2
votes

I've looked at a couple of seemingly related posts that don't offer a solution (or a solution that helps my situation):

CPU usage goes upto 75% while stream a 300 MB file using WCF service

High CPU load using WCF streaming

So I'm hoping someone out there can help.

I have put together a WCF Service using .NET 4.5 to facilitate the Uploading and Downloading of large files (hundreds of MBs to GBs.)

I am using the "Streamed" TransferMode on a BasicHttpBinding with no security.

Everything works fine, however, I have noticed a huge disparity in the CPU utilization of the service when hosted in IIS vs self-hosting it in a Console application.

In the Console application, the utilization is below 20%, once in IIS the utilization is over 80% - This is a single instance download.

The service is configured the same way in both scenarios and both are running on the same box.

My binding is configured like so:

<binding name="UnsecuredStreamBinding"
                 receiveTimeout="00:30:00"
                 sendTimeout="00:30:00"
                 transferMode="Streamed"
                 maxReceivedMessageSize="53687091200" maxBufferSize="65536" /> <!--50GB--> 

The service code is also very simple:

...
var fileStream = File.OpenRead(filename);
var size = fileStream.Length;

var response = new DownloadResponse
    {
       FileStream = fileStream,
       Size = size,
    };

return response;

Where DownloadResponse is defined as a MessageContract.

I've done very little to alter the default IIS environment (IIS 8.5 on Windows Server 2012 R2) Logging/Diagnostics are turned off so aren't adding overhead.
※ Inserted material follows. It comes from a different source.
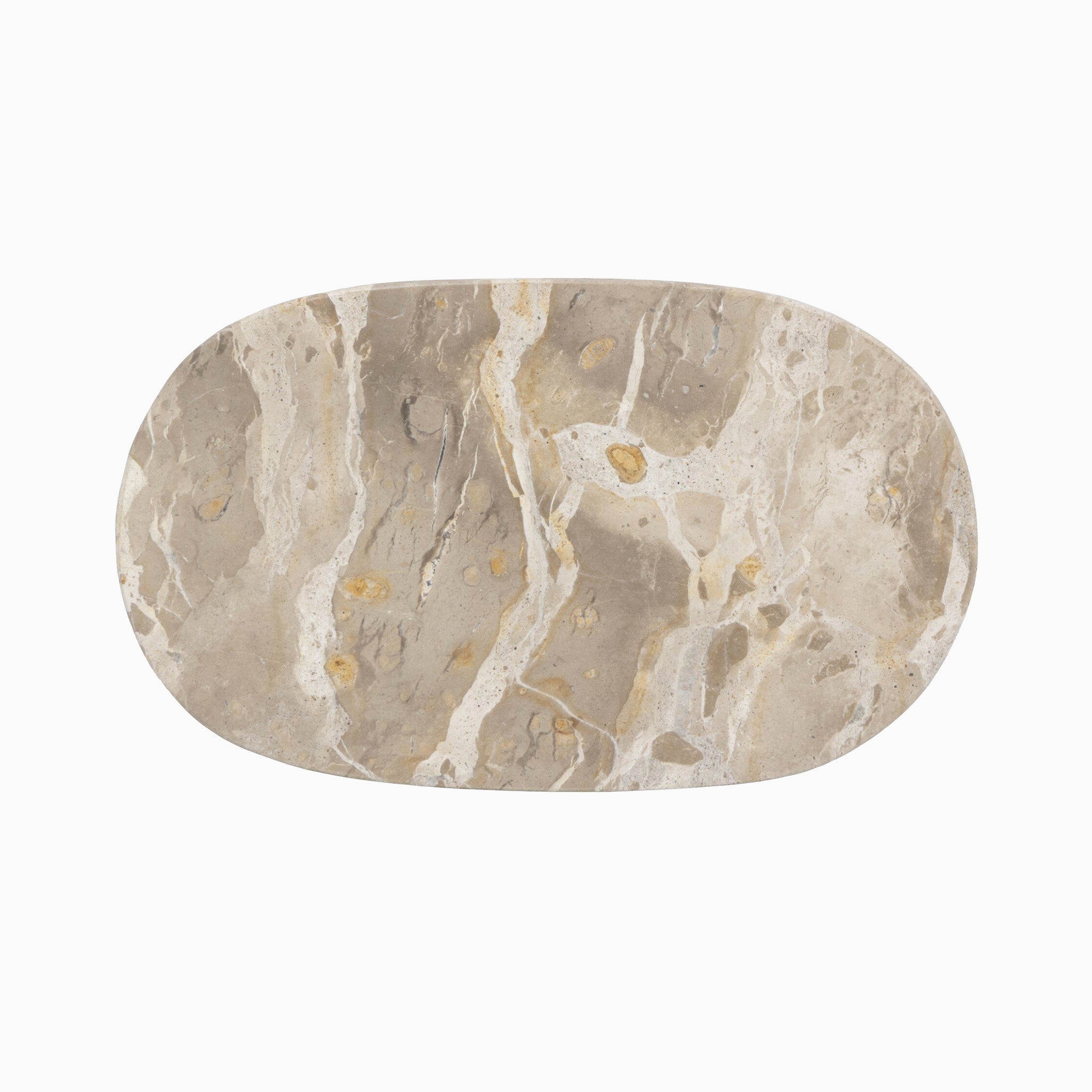 Pendleton End Table in Fossil Marble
This is my first foray into Web Service development, so I know there is a lot I don't know and I'm hoping that I'm missing something fairly simple that would account for the huge difference in CPU utilization that I'm seeing.

1

1 Answers

2
votes

I have finally figured out what was happening...
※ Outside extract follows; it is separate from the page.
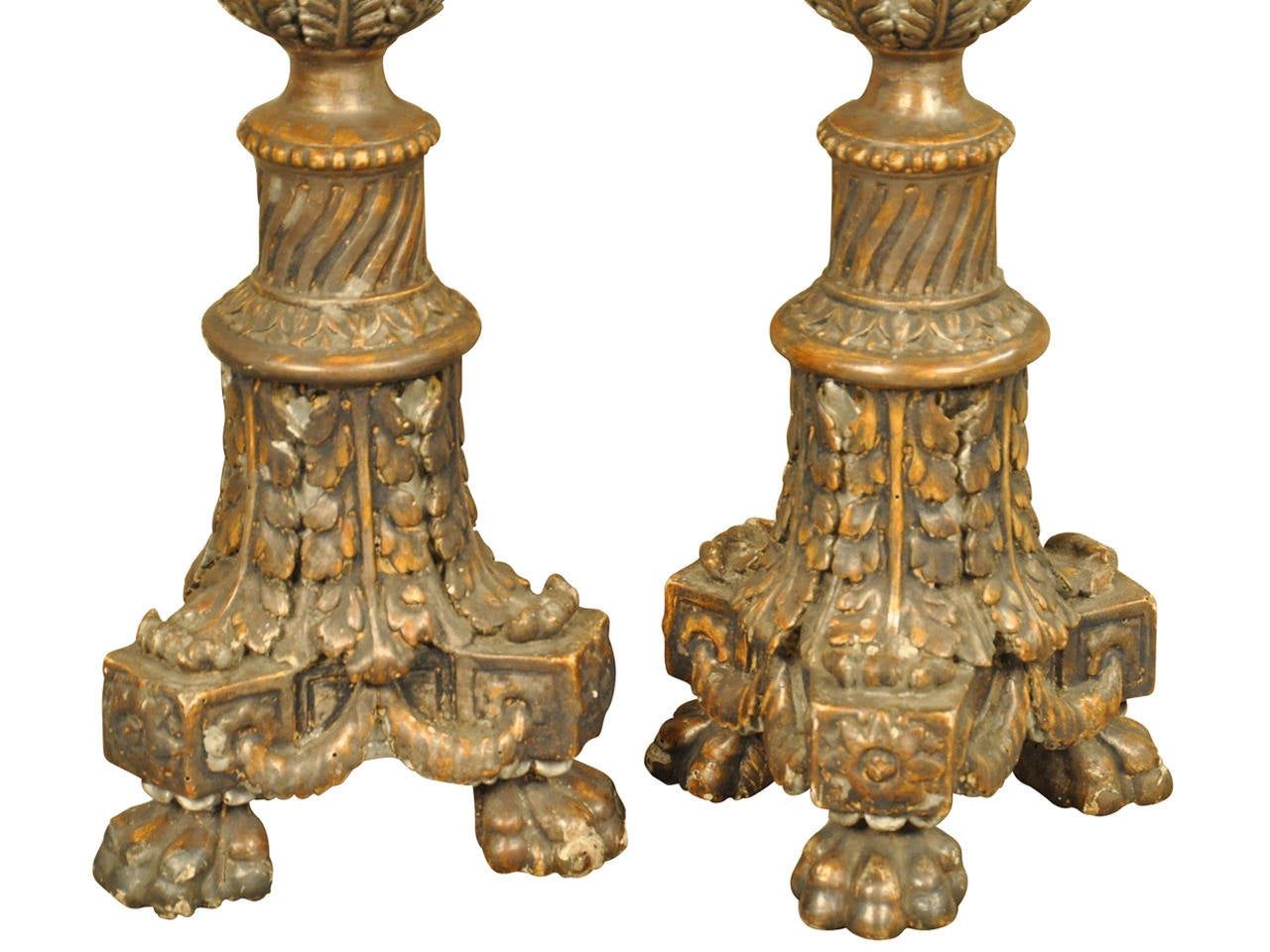 Pair of Late 18th Century Italian Altar Sticks 2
Under the IIS section of the IIS 8.5 control panel there is a "Compression" feature. In there, there are 2 options which are checked by default;

  • Enable dynamic content compression
  • Enable static content compression

It would appear that the "Dynamic Content Compression" was to blame, un-checking this option resulted in similar CPU utilization to that of the Console application.

When re-checking this option, you are actually warned that it can result in higher CPU utilization.